Saved entries:

[Start of section]

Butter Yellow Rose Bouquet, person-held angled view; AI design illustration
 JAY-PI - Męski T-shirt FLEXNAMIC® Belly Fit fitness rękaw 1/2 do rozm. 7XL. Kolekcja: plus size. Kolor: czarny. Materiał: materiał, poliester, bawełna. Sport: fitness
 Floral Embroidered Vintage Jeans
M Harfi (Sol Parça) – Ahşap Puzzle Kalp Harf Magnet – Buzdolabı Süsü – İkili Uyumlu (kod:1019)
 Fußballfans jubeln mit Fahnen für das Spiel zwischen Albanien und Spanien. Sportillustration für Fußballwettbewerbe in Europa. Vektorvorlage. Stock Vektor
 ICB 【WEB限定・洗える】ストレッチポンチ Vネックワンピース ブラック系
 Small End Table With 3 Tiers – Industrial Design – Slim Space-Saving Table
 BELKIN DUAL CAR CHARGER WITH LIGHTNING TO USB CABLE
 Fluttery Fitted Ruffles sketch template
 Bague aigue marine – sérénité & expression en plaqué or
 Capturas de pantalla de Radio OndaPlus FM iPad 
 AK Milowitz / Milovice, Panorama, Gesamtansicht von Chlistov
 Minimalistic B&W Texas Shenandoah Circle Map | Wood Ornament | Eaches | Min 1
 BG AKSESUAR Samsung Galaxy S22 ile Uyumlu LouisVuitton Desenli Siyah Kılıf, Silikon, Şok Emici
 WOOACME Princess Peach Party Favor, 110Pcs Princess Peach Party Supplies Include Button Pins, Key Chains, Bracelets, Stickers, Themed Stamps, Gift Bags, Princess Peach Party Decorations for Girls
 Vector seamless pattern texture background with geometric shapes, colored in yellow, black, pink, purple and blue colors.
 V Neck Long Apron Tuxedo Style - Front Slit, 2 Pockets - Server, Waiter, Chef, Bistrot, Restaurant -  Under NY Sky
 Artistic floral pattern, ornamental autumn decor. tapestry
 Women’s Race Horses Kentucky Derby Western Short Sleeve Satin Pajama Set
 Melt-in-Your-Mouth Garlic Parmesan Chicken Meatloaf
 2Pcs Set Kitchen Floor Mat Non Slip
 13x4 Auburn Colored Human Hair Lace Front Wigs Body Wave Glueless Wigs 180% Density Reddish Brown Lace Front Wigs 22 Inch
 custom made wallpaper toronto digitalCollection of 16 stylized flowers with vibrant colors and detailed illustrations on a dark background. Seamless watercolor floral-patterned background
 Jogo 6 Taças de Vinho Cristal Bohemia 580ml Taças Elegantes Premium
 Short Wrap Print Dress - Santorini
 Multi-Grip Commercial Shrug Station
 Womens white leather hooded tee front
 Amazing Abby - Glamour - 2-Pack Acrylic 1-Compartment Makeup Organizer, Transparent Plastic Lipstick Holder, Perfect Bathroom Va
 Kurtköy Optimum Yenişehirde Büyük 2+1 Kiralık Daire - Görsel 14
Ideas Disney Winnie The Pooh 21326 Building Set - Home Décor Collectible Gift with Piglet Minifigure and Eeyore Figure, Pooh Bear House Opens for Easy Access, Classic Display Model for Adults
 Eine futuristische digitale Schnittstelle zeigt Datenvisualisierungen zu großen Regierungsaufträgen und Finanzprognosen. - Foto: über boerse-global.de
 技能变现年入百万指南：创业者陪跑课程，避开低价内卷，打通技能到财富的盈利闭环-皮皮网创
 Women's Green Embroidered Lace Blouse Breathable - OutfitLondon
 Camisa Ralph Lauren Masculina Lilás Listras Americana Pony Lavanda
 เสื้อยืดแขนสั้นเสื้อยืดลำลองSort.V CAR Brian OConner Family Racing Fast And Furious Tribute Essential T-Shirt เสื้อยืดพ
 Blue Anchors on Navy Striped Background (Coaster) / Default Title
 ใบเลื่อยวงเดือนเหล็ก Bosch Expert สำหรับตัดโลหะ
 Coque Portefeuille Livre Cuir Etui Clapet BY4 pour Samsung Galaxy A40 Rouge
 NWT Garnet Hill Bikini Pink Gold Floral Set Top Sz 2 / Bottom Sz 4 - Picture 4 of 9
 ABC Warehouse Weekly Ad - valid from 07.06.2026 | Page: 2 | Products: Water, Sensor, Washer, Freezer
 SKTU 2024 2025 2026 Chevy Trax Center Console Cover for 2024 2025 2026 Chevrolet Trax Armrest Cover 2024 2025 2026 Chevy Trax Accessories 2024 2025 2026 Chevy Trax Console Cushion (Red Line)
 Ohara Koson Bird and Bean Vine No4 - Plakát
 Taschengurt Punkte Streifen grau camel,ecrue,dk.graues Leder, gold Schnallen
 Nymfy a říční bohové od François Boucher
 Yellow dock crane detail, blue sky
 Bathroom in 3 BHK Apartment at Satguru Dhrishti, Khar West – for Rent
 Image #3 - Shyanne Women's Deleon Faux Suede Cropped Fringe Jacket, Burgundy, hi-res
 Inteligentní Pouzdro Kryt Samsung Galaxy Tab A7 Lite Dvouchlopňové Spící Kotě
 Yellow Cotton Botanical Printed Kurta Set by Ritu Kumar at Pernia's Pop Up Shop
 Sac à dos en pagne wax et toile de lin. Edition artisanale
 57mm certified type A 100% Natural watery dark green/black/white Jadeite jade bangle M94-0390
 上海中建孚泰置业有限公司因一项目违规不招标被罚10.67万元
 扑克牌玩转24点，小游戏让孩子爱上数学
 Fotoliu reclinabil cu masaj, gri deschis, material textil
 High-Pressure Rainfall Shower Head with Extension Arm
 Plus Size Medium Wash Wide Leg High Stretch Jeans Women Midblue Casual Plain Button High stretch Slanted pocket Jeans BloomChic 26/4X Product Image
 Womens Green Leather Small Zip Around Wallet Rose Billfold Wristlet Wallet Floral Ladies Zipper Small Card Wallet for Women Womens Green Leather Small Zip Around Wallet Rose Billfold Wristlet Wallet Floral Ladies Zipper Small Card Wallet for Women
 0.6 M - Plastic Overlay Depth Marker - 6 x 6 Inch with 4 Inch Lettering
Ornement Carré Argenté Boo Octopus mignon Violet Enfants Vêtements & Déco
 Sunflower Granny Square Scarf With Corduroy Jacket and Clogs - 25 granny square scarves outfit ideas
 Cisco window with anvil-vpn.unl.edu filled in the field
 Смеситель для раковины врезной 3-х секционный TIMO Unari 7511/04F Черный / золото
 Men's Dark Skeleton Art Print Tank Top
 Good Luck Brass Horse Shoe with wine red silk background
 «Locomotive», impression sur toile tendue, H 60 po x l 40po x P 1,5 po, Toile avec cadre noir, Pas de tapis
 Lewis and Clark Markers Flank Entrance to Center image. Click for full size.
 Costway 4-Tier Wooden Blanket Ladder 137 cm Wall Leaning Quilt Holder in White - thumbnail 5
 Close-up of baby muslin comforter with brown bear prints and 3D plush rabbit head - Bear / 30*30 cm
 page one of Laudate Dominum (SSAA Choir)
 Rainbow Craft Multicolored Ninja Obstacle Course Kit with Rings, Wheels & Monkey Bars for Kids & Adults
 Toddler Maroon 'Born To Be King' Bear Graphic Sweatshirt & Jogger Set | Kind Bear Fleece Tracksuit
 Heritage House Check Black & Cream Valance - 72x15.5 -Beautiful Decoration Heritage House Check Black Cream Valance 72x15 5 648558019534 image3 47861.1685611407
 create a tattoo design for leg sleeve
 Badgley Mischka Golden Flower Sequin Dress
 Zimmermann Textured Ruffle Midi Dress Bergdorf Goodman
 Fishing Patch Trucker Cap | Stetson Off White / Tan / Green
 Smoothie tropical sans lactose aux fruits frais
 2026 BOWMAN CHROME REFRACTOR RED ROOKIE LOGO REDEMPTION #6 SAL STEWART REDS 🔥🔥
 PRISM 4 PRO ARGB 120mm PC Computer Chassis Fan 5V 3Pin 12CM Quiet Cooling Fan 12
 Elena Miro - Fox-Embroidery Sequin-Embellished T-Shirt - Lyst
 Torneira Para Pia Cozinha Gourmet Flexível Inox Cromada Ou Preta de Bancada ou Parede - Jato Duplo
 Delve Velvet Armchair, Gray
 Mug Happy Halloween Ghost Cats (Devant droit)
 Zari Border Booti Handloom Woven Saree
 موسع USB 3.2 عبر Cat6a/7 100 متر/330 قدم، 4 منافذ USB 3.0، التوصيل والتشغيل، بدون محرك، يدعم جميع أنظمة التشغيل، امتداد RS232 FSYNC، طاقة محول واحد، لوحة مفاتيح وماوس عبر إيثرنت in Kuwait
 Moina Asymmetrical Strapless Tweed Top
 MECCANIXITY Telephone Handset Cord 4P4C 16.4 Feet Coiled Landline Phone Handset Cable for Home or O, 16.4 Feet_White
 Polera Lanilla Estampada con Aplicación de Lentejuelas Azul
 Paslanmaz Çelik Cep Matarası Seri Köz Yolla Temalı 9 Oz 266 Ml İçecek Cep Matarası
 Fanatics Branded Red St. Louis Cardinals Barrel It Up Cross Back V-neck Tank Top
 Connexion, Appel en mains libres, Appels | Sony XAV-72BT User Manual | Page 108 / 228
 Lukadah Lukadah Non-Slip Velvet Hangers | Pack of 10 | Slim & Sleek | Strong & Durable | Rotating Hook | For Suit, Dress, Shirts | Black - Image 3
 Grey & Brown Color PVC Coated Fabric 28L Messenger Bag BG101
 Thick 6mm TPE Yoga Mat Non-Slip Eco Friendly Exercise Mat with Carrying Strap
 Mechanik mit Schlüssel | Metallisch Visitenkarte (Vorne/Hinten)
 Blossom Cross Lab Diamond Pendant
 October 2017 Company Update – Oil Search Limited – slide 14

[End of section]

Activity:
Your answer should consist of the lines from the line with "技能变现年入百万指南：创业者" to the line with "Inteligentní Pouzdro Kryt" above, repeated exactly, both ends included.

Response:
 技能变现年入百万指南：创业者陪跑课程，避开低价内卷，打通技能到财富的盈利闭环-皮皮网创
 Women's Green Embroidered Lace Blouse Breathable - OutfitLondon
 Camisa Ralph Lauren Masculina Lilás Listras Americana Pony Lavanda
 เสื้อยืดแขนสั้นเสื้อยืดลำลองSort.V CAR Brian OConner Family Racing Fast And Furious Tribute Essential T-Shirt เสื้อยืดพ
 Blue Anchors on Navy Striped Background (Coaster) / Default Title
 ใบเลื่อยวงเดือนเหล็ก Bosch Expert สำหรับตัดโลหะ
 Coque Portefeuille Livre Cuir Etui Clapet BY4 pour Samsung Galaxy A40 Rouge
 NWT Garnet Hill Bikini Pink Gold Floral Set Top Sz 2 / Bottom Sz 4 - Picture 4 of 9
 ABC Warehouse Weekly Ad - valid from 07.06.2026 | Page: 2 | Products: Water, Sensor, Washer, Freezer
 SKTU 2024 2025 2026 Chevy Trax Center Console Cover for 2024 2025 2026 Chevrolet Trax Armrest Cover 2024 2025 2026 Chevy Trax Accessories 2024 2025 2026 Chevy Trax Console Cushion (Red Line)
 Ohara Koson Bird and Bean Vine No4 - Plakát
 Taschengurt Punkte Streifen grau camel,ecrue,dk.graues Leder, gold Schnallen
 Nymfy a říční bohové od François Boucher
 Yellow dock crane detail, blue sky
 Bathroom in 3 BHK Apartment at Satguru Dhrishti, Khar West – for Rent
 Image #3 - Shyanne Women's Deleon Faux Suede Cropped Fringe Jacket, Burgundy, hi-res
 Inteligentní Pouzdro Kryt Samsung Galaxy Tab A7 Lite Dvouchlopňové Spící Kotě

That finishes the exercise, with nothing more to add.